Building a code-switch-aware training set
If you must train, your ground truth must contain the switching itself — lines that genuinely mix scripts, transcribed in correct Unicode and reading order. A few hundred such lines, added to monolingual baselines, teach the model the transitions. Keep a single shared alphabet file:
text
# alphabet.txt — union of all scripts, one codepoint per line
a b c ... ω ή ᾳ ‘ ’ … ſDon't let BiDi and reading order scramble output
Right-to-left scripts (Hebrew, Arabic) interleaved with left-to-right Latin produce logically correct but visually confusing strings. Store text in logical order with Unicode BiDi control characters, and let the display layer reorder — never bake visual order into the transcript, or downstream search breaks.
Key Takeaways
- Segment and identify script per region before recognition; never assume one page is one language.
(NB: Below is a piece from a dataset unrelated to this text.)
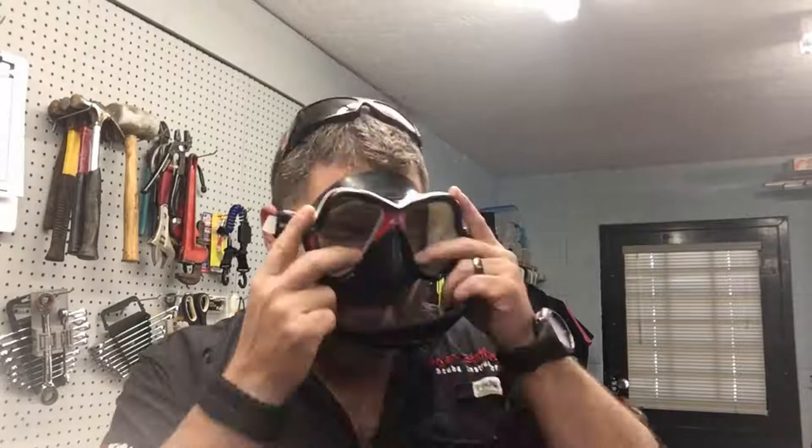Kind of the same thing goes with a full face mask, which we'll get to shortly. But once you've got a proper fitting mask, what you want to look at is your actual facial features. If you look at mine closely here, you'll notice that I've actually shaved part of my beard down on the sides just so that I get a good seal with the skirt. If you don't want to shave yours down, there are other techniques you can do as well.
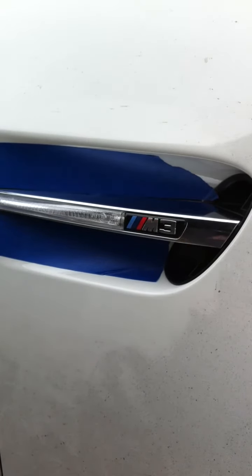This is my first do-it-yourself video for how to remove and replace the side gills on an E92 M3. You can see I put the blue painters tape just to protect the finish.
- Co-loading languages in one engine usually lowers accuracy — route distinct blocks to dedicated models instead.
- For true code-switching, use a multilingual model trained on mixed lines with a shared Unicode alphabet.
- Polytonic Greek and Hebrew need full character-set coverage; a Latin model will silently substitute glyphs.
- Normalise to NFC and store RTL text in logical order to keep search and BiDi intact.
- Kraken and PyLaia handle per-line multilingual routing better than vanilla Tesseract.
Frequently Asked Questions
Can a single OCR model read Latin and Greek on the same page?
A model whose training data and character set cover both scripts can, but most off-the-shelf single-language models cannot. For mixed Latin/Greek pages, either use a polytonic-aware multilingual model or detect and route each region to a script-specific engine.
Why does adding a second language make my OCR worse?
Loading multiple Tesseract language packs widens the search space and lets the wrong language's dictionary "win" on ambiguous characters. Restrict languages per region and disable dictionary biasing where scripts diverge sharply.
How do I detect which language a text region is in?
Run script identification (Tesseract OSD, or a CNN script classifier) on each segmented line or block before recognition, then route the region to the matching model. Glyph-level script detection beats whole-page language guessing for code-switched text.
Does code-switching within a single line break OCR?
It can, because line-level language assumptions fail mid-line. The robust fix is a multilingual recognition model trained on mixed lines, or word-level routing with a shared Unicode character set.
Which engines handle multilingual pages best?
Kraken and PyLaia support custom multilingual character sets and per-line script routing well; Tesseract works for additive Latin-script languages but struggles when scripts share glyph shapes. Transkribus multilingual models suit manuscript material.